=== Task statement ===
Output everything in the listing exactly, with no line missing.
Start of Task data
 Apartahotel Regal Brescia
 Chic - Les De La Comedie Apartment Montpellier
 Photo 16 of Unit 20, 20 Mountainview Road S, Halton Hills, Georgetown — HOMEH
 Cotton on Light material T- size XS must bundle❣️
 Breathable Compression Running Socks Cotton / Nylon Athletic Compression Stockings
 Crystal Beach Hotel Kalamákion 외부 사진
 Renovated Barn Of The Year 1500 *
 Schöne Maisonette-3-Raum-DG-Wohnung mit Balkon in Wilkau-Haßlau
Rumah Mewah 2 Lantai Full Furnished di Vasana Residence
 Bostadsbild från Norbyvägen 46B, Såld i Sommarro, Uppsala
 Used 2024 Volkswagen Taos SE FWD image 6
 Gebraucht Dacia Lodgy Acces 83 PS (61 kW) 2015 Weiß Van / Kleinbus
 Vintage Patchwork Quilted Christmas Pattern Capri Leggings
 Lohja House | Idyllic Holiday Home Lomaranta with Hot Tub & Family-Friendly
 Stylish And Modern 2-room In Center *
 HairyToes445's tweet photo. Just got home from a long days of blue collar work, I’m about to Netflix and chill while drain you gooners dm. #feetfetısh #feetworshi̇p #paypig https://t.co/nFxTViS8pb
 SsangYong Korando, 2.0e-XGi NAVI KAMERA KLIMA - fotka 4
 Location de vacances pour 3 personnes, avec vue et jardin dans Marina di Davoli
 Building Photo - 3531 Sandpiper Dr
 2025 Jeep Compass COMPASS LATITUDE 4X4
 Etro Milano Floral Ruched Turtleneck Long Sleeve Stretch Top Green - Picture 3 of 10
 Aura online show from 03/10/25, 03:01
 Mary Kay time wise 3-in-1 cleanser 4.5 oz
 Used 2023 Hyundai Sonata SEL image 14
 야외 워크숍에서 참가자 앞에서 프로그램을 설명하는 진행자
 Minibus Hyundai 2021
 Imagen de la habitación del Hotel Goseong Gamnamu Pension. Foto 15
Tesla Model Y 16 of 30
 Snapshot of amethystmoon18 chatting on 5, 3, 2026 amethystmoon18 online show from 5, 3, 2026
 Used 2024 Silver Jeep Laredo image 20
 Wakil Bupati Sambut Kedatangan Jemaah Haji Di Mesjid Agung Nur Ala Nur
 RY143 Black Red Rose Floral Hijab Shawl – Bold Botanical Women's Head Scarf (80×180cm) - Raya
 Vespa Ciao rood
End of Task data
=== Solution below ===
 Apartahotel Regal Brescia
 Chic - Les De La Comedie Apartment Montpellier
 Photo 16 of Unit 20, 20 Mountainview Road S, Halton Hills, Georgetown — HOMEH
 Cotton on Light material T- size XS must bundle❣️
 Breathable Compression Running Socks Cotton / Nylon Athletic Compression Stockings
 Crystal Beach Hotel Kalamákion 외부 사진
 Renovated Barn Of The Year 1500 *
 Schöne Maisonette-3-Raum-DG-Wohnung mit Balkon in Wilkau-Haßlau
Rumah Mewah 2 Lantai Full Furnished di Vasana Residence
 Bostadsbild från Norbyvägen 46B, Såld i Sommarro, Uppsala
 Used 2024 Volkswagen Taos SE FWD image 6
 Gebraucht Dacia Lodgy Acces 83 PS (61 kW) 2015 Weiß Van / Kleinbus
 Vintage Patchwork Quilted Christmas Pattern Capri Leggings
 Lohja House | Idyllic Holiday Home Lomaranta with Hot Tub & Family-Friendly
 Stylish And Modern 2-room In Center *
 HairyToes445's tweet photo. Just got home from a long days of blue collar work, I’m about to Netflix and chill while drain you gooners dm. #feetfetısh #feetworshi̇p #paypig https://t.co/nFxTViS8pb
 SsangYong Korando, 2.0e-XGi NAVI KAMERA KLIMA - fotka 4
 Location de vacances pour 3 personnes, avec vue et jardin dans Marina di Davoli
 Building Photo - 3531 Sandpiper Dr
 2025 Jeep Compass COMPASS LATITUDE 4X4
 Etro Milano Floral Ruched Turtleneck Long Sleeve Stretch Top Green - Picture 3 of 10
 Aura online show from 03/10/25, 03:01
 Mary Kay time wise 3-in-1 cleanser 4.5 oz
 Used 2023 Hyundai Sonata SEL image 14
 야외 워크숍에서 참가자 앞에서 프로그램을 설명하는 진행자
 Minibus Hyundai 2021
 Imagen de la habitación del Hotel Goseong Gamnamu Pension. Foto 15
Tesla Model Y 16 of 30
 Snapshot of amethystmoon18 chatting on 5, 3, 2026 amethystmoon18 online show from 5, 3, 2026
 Used 2024 Silver Jeep Laredo image 20
 Wakil Bupati Sambut Kedatangan Jemaah Haji Di Mesjid Agung Nur Ala Nur
 RY143 Black Red Rose Floral Hijab Shawl – Bold Botanical Women's Head Scarf (80×180cm) - Raya
 Vespa Ciao rood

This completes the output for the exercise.